Aetna’s HITECH Approach Is an Insult to Brokers

Take a look at the ridiculous approach Aetna has taken to HITECH with their brokers. A client sent me this gem of an email – “New obligations for brokers under ARRA regulations”.

They have had a full year to educate their brokers and help them get ready for HITECH. Yet a 181 word email was sent out on:

  • A Friday
  • Before a holiday weekend- 2/12 –
  • 5 days before the HIPAA HITECH changes become Federal law for their producers
  • referring to ARRA not HIPAA HITECH like everyone else is

Clearly trying to slip it in with little attention since most brokers likely won’t read it until or overlook it entirely as they catch up on Tuesday morning.

Looks just like politician’s dealing with bad news on Fridays hoping it won’t garner the scrutiny it would during the week.

The amendment to their producer agreement is  added as a unilateral amendment.

As you can see below there is nothing on the Aetna website on HITECH. The agreement is posted under ARRA and their HIPAA info has not been updated for this year’s changes.
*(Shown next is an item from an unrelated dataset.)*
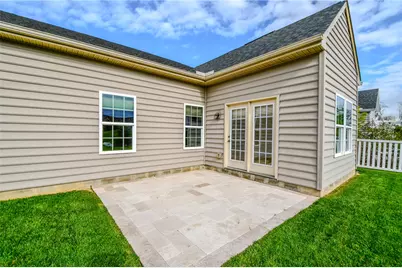 7119 River Birch Street, Tipp City, OH 45371 - Photo 30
So there is NO resource on their site for their brokers or their customers who also need to get BA agreements in place with their brokers.

I don’t think we are reading the same statutes and rules here and I know that Aetna has better lawyers than this – and much better leadership in Mark Bertolini than most of their competitors.
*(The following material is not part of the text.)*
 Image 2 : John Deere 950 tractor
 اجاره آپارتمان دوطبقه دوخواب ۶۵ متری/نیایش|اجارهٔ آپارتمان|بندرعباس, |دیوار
What is most interesting about this communication is not just its purposely late release on a holiday weekend but its clear implication that the broker is “directly accountable” to HHS and as a “covered entity” Aetna has nothing to do with their brokers as “business associates” being in full compliance with the law. Aetna’s liabilities as a CE to their clients and brokers is a 2 way street in terms of abiding by HIPAA and HITECH and in most BA agreements I have seen the insurers clearly acknowledge this…and sent them out to their brokers from 45 to 90 days ago – even if they were unilateral.

If a BA had a major breach the insurer as CE is accountable for it as well. Penalties would apply to the broker but also potentially to the insurer – Aetna et al – as well.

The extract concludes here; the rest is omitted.